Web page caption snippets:
********

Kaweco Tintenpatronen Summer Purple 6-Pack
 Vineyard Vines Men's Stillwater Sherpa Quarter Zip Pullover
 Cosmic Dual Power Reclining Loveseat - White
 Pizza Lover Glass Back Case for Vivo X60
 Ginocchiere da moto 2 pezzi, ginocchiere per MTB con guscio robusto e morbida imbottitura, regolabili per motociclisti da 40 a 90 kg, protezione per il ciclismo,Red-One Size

********

Work instructions: Only the lines from the line with "Cosmic Dual Power Reclining Loveseat - White" to the final line of the entries are to be returned, each exactly as written, both ends included.

Task response:
 Cosmic Dual Power Reclining Loveseat - White
 Pizza Lover Glass Back Case for Vivo X60
 Ginocchiere da moto 2 pezzi, ginocchiere per MTB con guscio robusto e morbida imbottitura, regolabili per motociclisti da 40 a 90 kg, protezione per il ciclismo,Red-One Size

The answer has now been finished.